Je vois poindre ici la circonspection naturelle de nos chers lecteurs, qui savent bien que ceci est impossible et que toute navigation à pied, à cheval ou en vélo, voire en bateau, en train, ou en voiture à pédale, se fait nécessairement grâce à un formidable système mondialement mondial appelé GPS. Eh bien, nous nous promettons ci-devant et avec panache de vous livrer des astuces incroyables qui vont vous permettre de vous déplacer autrement et sans l'aide de vos petits compagnons numériques quotidiens. Si si ! Mais avant ces formidables conseils qui vont certainement changer la face du monde, n'en doutons pas, expliquons un peu la motivation du pourquoi on pourrait vouloir se passer de notre copain GPS. C'est parti !
Le problème
C'est étonnant, mais nous n'avons jusqu'ici jamais eu l'occasion de parler vraiment de ce petit système GPS qui nous aide tant. Pourtant, il est difficile à éviter, le bougre, étant donné qu'on le capte absolument partout. Car oui, le GPS, avant d'être un système de localisation, est avant tout un réseau : il s'agit d'un ensemble d'émetteurs qui, sur une plage de fréquence et selon un protocole spécifiques, vous envoie très gentiment votre position où que vous soyez sur terre. Mais comme il ne s'agit ni d'un de vos amis qui vous suit partout, ni d'un medium particulièrement performant, il faut bien qu'il y ait un petit trucage à cette prouesse digne des plus grands magiciens de ce siècle, et celui-ci n'est pas particulièrement subtil : le système GPS est en réalité composé d'un ensemble de satellites disposés en orbite un peu partout au-dessus de la planète. Grâce à une méthode géométrique bien connue de triangulation, si vous pouvez connaître votre distance à 3 points fixes, donc à 3 satellites, vous pouvez en déduire votre position absolue partout dans l'espace. Formidable !

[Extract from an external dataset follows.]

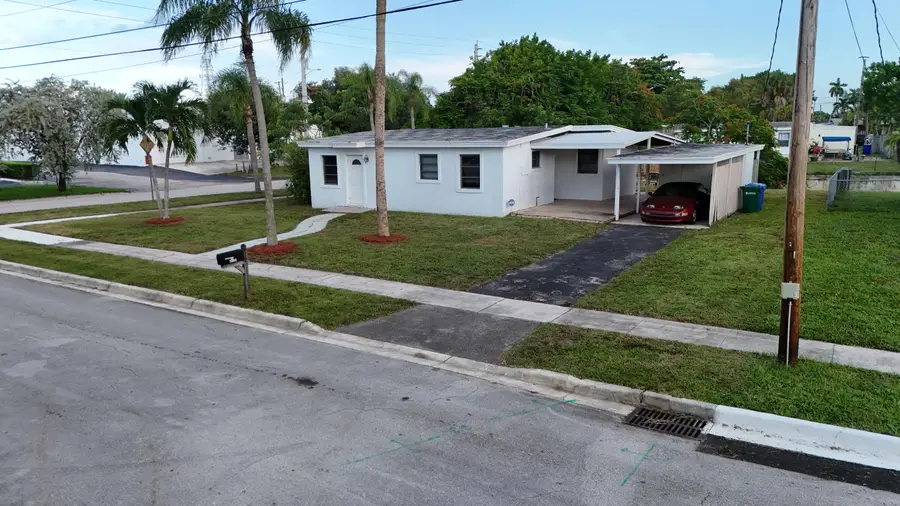 5800 NW 19th Court, Margate, FL 33063 - #2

Remarquez au passage que votre petit récepteur GPS communique donc avec pas moins de 3 satellites à chaque fois qu'il souhaite connaître sa position. Autrement dit, pour me localiser, il me faut donc : une trentaine de satellites dans l'espace, plus une puce GPS ultra minuscule dans mon appareil capable de leur parler doucement. Mais, à vrai dire, comme vous ne ferez pas grand chose de vos coordonnées sphériques à la surface du globe, il faut tout de même rajouter une petite couche logicielle supplémentaire, et un peu de réseau traditionnel pour nous afficher une carte au dessous de notre point qui clignote. Ce système est diablement efficace, mais c'est à peu près le plus coûteux qu'on aurait pu imaginer si on se donne comme proposition le fait de s'orienter simplement (même en restant sur le même modèle, par exemple, on pourrait sans doute trianguler à partir d'objets légèrement plus près que 30 km dans l'espace).
D'ailleurs, si l'on trouve désormais pas mal de monde pour s'indigner des géants américains du web qui colonisent notre univers mental, personne ne semble s'inquiéter outre mesure du fait que l'ensemble du système GPS, satellites et protocoles inclus, appartient à l'armée américaine qui l'avait certainement mis en place pour des raisons altruistes et bienveillantes, et dans un souci constant d'amour du prochain. Il est bien pratique qu'elle n'ait plus besoin de se démener pour espionner les gens, puisque la moitié de la population lui signale bien obligeamment sa position plusieurs centaines de fois par jour.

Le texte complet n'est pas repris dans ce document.